Summary
Modern AI systems, powered by large pretrained models, have demonstrated exceptional performance across a variety of applications, particularly when trained and deployed in standard conditions. However, real-world scenarios are often far from ideal, presenting challenges such as varying lighting, environmental noise, sensor degradation, and domain shifts. The ability to adapt pretrained models for robust operation in such non-standard conditions is becoming increasingly critical, especially in domains like autonomous systems and disaster response.
Pretrained models are typically developed using datasets that represent standard conditions, which limits their effectiveness in non-standard environments. Direct training for every possible scenario is computationally prohibitive, and the scarcity of labelled data in non-standard conditions exacerbates this issue.
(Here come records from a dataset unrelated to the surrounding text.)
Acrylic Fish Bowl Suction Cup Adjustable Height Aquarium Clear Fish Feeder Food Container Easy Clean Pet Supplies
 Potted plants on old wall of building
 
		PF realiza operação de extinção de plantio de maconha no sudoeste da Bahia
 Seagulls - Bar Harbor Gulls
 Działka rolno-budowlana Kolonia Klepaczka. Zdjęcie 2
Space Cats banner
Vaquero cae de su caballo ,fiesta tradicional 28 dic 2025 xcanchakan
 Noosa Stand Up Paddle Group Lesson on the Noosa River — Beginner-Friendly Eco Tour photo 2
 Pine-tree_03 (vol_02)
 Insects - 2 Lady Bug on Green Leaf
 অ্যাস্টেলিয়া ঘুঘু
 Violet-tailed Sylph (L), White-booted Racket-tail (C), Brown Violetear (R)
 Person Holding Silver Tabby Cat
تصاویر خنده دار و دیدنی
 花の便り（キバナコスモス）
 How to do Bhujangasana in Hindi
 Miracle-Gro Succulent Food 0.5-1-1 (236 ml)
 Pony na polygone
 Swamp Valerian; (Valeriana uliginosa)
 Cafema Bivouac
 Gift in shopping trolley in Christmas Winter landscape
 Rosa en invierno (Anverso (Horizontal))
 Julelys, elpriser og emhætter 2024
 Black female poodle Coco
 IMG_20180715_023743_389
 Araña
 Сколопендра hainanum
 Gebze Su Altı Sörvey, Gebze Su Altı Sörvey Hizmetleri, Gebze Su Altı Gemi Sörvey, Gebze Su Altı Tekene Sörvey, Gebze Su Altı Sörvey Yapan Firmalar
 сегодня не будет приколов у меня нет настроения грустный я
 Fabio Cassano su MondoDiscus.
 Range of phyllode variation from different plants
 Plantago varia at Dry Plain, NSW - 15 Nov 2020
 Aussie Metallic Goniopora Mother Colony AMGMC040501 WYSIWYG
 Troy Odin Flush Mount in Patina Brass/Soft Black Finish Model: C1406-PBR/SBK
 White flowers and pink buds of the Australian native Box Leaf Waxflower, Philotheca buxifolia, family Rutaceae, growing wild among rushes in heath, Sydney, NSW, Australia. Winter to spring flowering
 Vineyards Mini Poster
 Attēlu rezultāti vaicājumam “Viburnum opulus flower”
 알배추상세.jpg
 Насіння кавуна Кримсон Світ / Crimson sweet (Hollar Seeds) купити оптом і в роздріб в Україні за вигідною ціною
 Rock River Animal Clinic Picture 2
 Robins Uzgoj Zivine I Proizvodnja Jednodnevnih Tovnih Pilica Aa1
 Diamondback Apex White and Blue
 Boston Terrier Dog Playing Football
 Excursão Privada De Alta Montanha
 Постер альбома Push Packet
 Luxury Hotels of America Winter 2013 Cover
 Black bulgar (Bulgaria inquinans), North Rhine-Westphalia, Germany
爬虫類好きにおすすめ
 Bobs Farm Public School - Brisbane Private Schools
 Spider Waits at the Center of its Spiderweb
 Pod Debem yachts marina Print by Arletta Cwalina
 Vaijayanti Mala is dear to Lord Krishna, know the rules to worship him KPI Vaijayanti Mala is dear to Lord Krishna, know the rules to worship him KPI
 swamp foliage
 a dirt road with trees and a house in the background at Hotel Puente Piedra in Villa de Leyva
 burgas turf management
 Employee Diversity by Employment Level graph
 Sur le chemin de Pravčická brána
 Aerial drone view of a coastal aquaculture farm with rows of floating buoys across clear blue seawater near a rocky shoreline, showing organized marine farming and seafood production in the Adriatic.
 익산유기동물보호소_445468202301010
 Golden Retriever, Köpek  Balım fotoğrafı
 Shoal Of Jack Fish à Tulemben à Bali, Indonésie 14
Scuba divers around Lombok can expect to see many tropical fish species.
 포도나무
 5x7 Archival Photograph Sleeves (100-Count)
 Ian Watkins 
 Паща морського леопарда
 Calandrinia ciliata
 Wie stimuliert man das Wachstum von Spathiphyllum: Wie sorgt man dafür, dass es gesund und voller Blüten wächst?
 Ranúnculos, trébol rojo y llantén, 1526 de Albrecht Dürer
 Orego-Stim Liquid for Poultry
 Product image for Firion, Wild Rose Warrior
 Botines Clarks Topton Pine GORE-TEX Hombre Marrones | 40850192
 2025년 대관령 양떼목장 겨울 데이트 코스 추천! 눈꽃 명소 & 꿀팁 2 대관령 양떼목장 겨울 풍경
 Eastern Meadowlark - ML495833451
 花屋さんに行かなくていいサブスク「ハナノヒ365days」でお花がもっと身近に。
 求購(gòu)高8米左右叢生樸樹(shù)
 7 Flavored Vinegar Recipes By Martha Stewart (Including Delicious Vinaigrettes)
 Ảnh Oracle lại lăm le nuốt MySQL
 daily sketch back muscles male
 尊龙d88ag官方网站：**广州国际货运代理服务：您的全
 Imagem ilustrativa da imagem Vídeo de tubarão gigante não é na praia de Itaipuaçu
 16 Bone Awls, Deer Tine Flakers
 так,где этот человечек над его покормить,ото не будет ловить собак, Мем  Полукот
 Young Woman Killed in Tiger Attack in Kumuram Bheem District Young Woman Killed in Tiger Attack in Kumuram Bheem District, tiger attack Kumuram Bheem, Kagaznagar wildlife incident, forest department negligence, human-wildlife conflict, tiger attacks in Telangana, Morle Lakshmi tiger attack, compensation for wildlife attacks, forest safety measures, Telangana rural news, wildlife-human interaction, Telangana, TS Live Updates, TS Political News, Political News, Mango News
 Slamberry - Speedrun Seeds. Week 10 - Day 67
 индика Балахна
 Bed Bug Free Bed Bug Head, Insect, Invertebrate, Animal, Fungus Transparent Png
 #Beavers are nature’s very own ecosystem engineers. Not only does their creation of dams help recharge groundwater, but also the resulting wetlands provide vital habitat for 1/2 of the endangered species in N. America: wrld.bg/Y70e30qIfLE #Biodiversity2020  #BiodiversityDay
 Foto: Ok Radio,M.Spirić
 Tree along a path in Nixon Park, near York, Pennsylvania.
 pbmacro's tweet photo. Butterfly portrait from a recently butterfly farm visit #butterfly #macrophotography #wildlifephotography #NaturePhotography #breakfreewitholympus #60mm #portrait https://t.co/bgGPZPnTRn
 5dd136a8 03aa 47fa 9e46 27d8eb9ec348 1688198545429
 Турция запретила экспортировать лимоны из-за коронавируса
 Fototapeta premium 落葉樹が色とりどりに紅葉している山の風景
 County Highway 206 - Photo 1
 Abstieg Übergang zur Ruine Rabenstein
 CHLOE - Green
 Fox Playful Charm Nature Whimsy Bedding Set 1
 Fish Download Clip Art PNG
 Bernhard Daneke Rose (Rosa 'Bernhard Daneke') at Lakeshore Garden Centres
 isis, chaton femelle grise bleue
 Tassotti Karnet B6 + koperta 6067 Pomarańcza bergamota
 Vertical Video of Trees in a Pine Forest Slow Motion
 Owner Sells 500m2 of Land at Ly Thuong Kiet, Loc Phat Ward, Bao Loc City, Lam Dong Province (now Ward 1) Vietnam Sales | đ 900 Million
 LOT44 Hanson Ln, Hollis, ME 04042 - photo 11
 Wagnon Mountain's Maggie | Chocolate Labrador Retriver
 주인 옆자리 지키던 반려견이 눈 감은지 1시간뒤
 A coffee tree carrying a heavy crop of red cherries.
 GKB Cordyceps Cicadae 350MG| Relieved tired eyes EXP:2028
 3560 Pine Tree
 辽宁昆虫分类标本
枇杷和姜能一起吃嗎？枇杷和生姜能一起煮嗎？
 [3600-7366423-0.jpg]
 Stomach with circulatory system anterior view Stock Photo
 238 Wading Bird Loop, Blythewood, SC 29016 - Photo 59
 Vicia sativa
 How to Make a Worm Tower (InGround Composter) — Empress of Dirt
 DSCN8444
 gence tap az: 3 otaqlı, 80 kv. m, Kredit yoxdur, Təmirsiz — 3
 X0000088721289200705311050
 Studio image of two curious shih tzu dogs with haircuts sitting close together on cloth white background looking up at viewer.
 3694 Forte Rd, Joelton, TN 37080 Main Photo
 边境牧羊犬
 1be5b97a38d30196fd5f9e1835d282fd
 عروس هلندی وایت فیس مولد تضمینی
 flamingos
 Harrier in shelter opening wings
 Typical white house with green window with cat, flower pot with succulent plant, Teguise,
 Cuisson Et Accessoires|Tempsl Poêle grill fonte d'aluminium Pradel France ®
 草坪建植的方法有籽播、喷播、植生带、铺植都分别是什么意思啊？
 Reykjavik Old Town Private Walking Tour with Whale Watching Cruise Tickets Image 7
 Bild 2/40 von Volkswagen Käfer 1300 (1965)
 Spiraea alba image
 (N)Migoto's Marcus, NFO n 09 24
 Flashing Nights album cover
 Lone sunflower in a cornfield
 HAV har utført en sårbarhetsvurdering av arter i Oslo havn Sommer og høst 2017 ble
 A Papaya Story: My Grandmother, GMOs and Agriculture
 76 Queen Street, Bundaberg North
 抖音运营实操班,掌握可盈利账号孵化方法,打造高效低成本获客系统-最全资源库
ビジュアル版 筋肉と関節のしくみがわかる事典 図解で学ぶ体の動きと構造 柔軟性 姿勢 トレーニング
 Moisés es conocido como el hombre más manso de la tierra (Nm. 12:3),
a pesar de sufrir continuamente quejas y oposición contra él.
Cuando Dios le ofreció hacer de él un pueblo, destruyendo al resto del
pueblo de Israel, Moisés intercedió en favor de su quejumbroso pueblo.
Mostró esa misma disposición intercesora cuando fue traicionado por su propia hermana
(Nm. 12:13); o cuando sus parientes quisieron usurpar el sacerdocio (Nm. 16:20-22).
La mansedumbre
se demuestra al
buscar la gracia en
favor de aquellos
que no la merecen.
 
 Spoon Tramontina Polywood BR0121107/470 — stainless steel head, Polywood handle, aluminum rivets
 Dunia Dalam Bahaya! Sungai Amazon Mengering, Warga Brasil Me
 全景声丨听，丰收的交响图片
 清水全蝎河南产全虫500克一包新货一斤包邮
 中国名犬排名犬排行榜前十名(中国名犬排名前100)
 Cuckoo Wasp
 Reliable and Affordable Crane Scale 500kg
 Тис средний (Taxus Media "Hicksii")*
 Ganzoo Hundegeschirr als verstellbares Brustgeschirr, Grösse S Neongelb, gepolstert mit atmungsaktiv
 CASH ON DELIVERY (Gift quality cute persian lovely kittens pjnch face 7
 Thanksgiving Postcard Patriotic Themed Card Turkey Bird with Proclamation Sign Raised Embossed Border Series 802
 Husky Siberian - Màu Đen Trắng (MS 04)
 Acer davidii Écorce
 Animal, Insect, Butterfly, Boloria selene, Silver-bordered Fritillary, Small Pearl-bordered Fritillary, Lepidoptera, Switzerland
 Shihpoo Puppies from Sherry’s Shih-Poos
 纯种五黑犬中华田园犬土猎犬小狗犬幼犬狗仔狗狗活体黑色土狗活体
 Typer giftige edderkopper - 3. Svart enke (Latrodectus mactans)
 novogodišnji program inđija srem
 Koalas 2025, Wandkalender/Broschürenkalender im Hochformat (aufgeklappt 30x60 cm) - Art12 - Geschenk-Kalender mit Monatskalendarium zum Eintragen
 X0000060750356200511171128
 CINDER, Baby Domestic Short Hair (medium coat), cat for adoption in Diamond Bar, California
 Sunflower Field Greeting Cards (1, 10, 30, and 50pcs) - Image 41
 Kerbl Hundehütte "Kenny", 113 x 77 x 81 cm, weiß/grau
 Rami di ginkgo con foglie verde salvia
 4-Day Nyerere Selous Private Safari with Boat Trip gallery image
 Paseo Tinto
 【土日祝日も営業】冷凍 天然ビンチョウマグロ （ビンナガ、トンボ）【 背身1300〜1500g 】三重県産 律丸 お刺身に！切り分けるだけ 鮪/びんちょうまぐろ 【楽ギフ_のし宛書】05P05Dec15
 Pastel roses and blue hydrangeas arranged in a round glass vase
These limitations highlight the need for innovative approaches to fine-tune or adapt pretrained models for robust performance in diverse and challenging settings.
This project aims to develop advanced methodologies to adapt pretrained models for non-standard conditions, focusing on strategies such as fine-tuning with limited or weakly labelled data, leveraging domain adaptation and transfer learning to bridge the gap between standard datasets and real-world scenarios, and enhancing robust feature representations to ensure stability under varying environmental and sensory conditions. Additionally, it seeks to evaluate the potential of multi-task learning frameworks to utilize auxiliary tasks for more effective adaptation, ultimately enabling AI systems to generalize and perform reliably in diverse and challenging real-world applications.